Niel n’a pas suivi cette voie. En refusant, comme ses associés Pierre Bergé et Mathieu Pigasse, de réinvestir dans le journal, il a contraint celui-ci à retarder de manière excessive les règlements de ses fournisseurs et à restreindre son effort dans le numérique. Avec moins de 100 000 abonnés à sa version numérique, le Monde n’a pas l’audience internationale, notamment dans les pays francophones, que son influence justifierait.
D’ailleurs, la décision de Niel et de Pigasse de créer un fonds d’investissement dans l’audiovisuel qui récolterait plusieurs centaines de millions d’euros, montre que le groupe le Monde, qui édite aussi Télérama et Courrier International et est associé à L’Obs, n’est plus une priorité stratégique pour ses actionnaires.

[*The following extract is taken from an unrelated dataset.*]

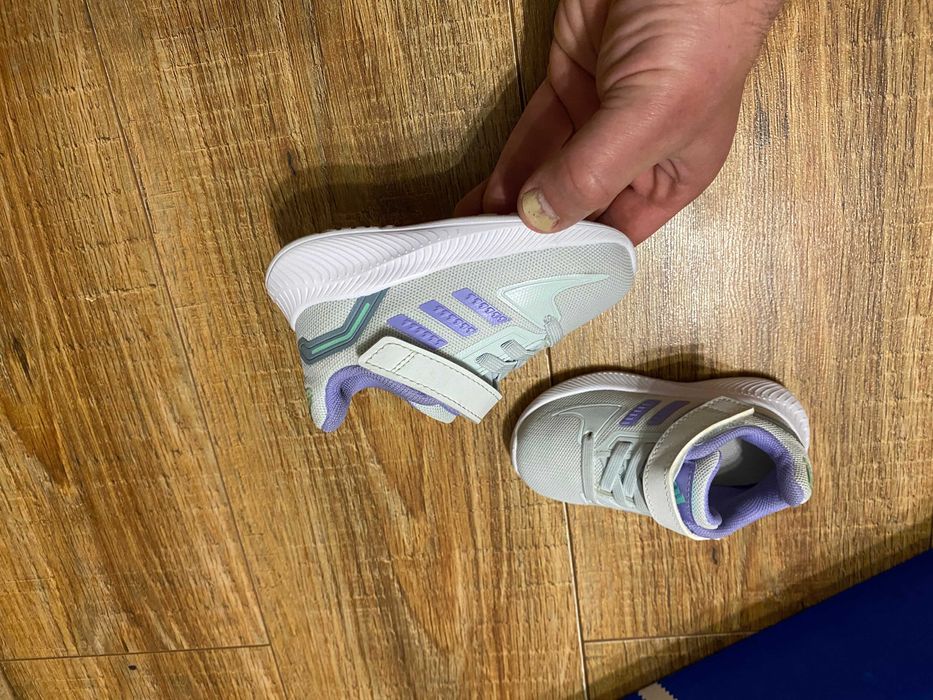 Кросівки дитячі на дівчинку кроссовки детские Adidas оригинал р.20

Ainsi, Bolloré, Drahi et Niel qui sont arrivés récemment, avec d’importants atouts financiers, dans le monde des médias n’ont pas manifesté de véritable intérêt pour ces entreprises. Celles-ci sont surtout apparues comme des instruments d’influence et comme le moyen de réaliser de fructueuses opérations financières. Pendant ce temps, des groupes de communication étrangers faisaient leur marché en France. Schibsted a racheté 50% du Bon Coin au groupe Sipa-Ouest-France et Springer a acquis successivement Seloger, Auféminin et la Centrale, ce qui conforte sa position de géant du numérique européen.
Il est tard mais sans doute pas trop tard pour constituer un groupe de communication français de taille européenne. Il faut espérer que la nouvelle génération de startups permettra l’arrivée de nouveaux acteurs qui réaliseront ce grand dessein.